I honestly think they they thought the Pagans and such to be savages and since they freely participated in sex--it had to be bad.

What I don't understand is the sexual mutilation of females as torture but not of males. It doesn't seem very Christian-like.

Beth

http://peebugg.blogspot.com

1:22 AM  
Anonymous Greyor said...

first note: it's multae sententiae (I'm a Classics major). just so you know. :)
I wish I had a solid philosophical foundation... I'm a Christian (Catholic actually)... all I know is that sex is something natural and beautiful, and it is only perverted due to 'improper' use -- to some no facet of it may be improper however -- and is not, as some fundamental Christians would assert, impure and flawed by nature. After all, why would God have created it if it were something to be ashamed of entirely? sorry if I'm not able to offer much insight. I just thought I'd drop in 2¢ and all.

10:42 PM  
Blogger Doctor Marco said...

Thanks for the correction, I will see if it is possible to change it although the URL cannot change.

Thanks also por the comment. The improper aspect of sex would probably be its abusive side.

10:52 PM  
Blogger Horace Finkle said...

Suhweeeeeet blog! Definitely worth a bookmark!

If you want a really good laugh, visit www.horacefinkle.blogspot.com - People these days just don't get to laugh enough, and here's my remedy!

11:00 PM  
Anonymous Anonymous said...

First, sex isn't sinful: People are. The references in the Bible that "sex is sinful" aren't equated to the process of sex.

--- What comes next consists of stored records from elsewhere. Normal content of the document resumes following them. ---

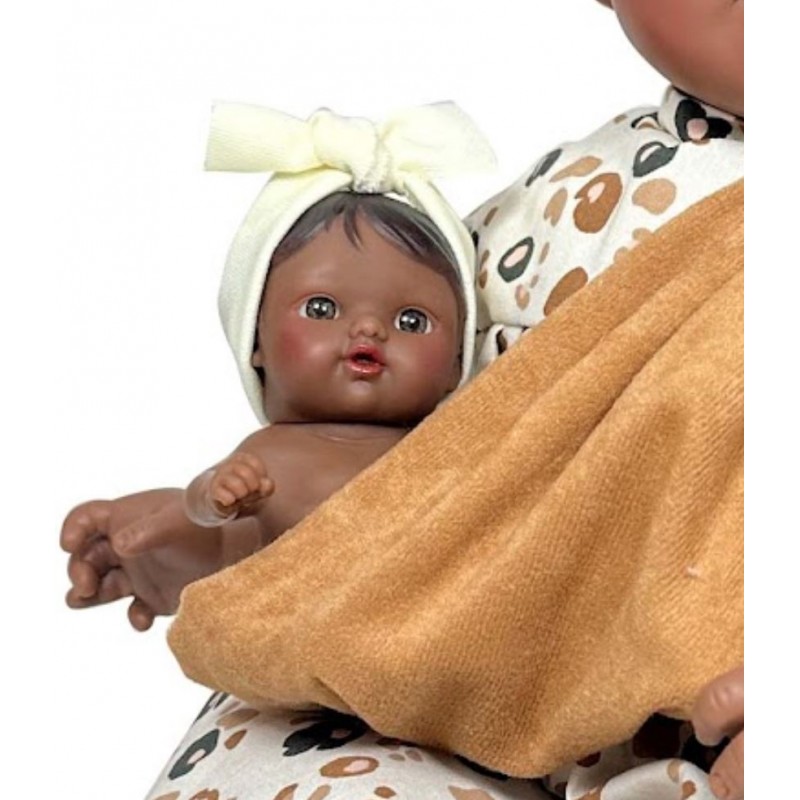 Nines D'Onil: Μωρό Maria με καφέ φόρεμα και μωρό σε μάρσιπο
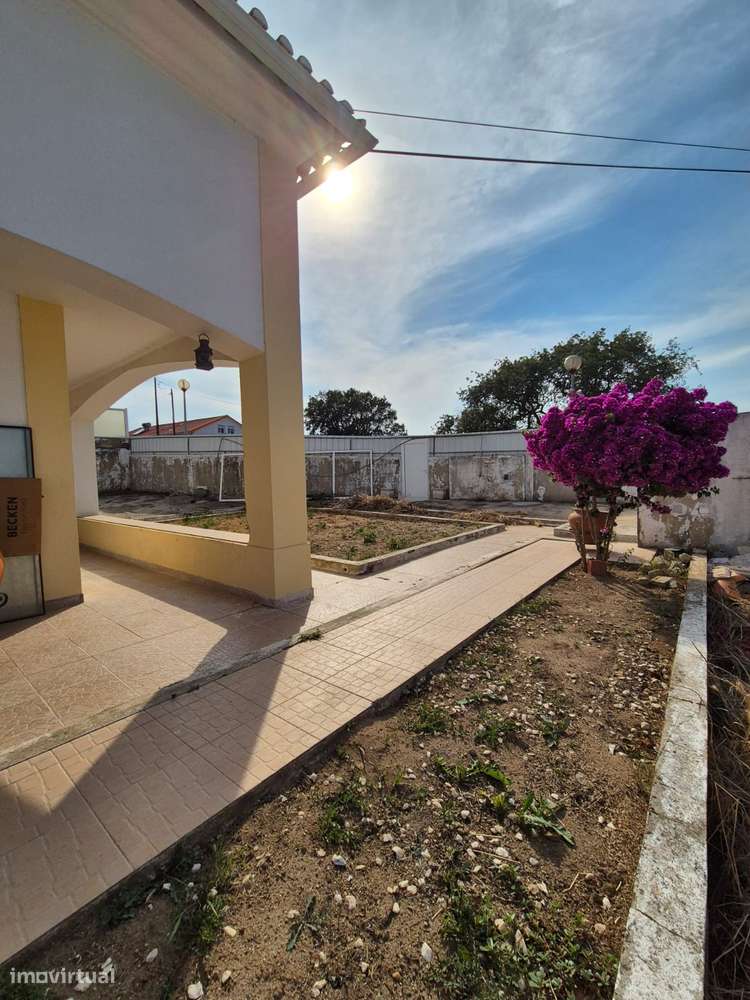Moradia T5 em Bispeira, Sobral de Monte Agraço-7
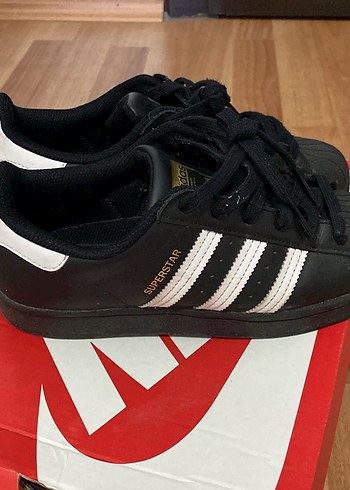 Siyah Beyaz Adidas Superstar Kadın Spor Ayakkabı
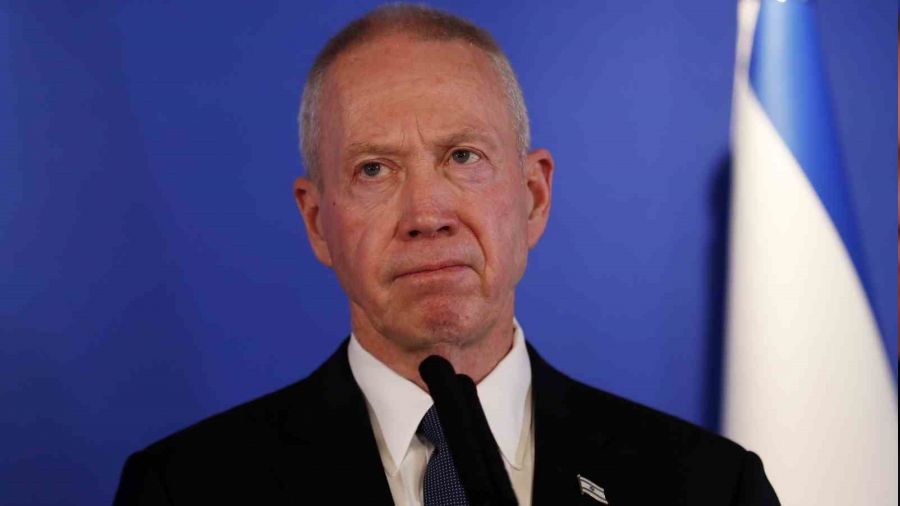 �srail'de siyasi kriz... Savunma Bakan� Gallant g�revden al�nd�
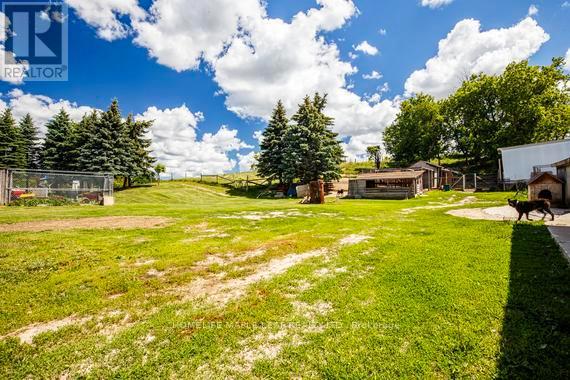 935545 AIRPORT ROAD - 21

It's the perversion and sinful nature of people that distorts everything, not just sex. I will base my comment on a philosophical, and logical side.

I disagree with your comment about sex being at the "lowest level" in the lives of Christians. Sex is described Biblically as a Godly thing; an expression comparable to the amount of love that Christ has for the Church.

Where are your references from that imply that sexual acts are impure and taboo? Surely, you aren't referring to the Bible! Ever count the amount of times sex is gestured in the book of Song of Solomen??? Read it and get horny, Dr. Marco.

If we assume that God is the maker of the Bible, and the maker of people--then we must also assume that God is the maker of SEX. God created our bodies to enjoy the pleasures of sex, take for example the female clitoris. If sex was ungodly, why were we created with the "pleasure button"? 2 reasons that support my statement, and also fit into the evolutionary realm of thinking:
1. Pleasure of sex increases the chance of sexual repetition, thus increasing the chances of conception.
2. The spasms that occur in the cervix at time of orgasm increase/welcome the microscopic little swimmers given by man :)

Yours truly,
--Cosmonique

11:22 AM  
Blogger Doctor Marco said...

I agree with your first point that says that people are sinful and not sex. However, the purpose of the post is to try to look for causes that explain the Christian phenomenon. As far as I know the only negative expressions of sex are the abusive sex and the adulterous sex. There might be a negative element also in the unprotected sex with an unknown person since there are risks involved with that activity. Besides the instances I have mentioned sex should not be regarded as impure as Christians do.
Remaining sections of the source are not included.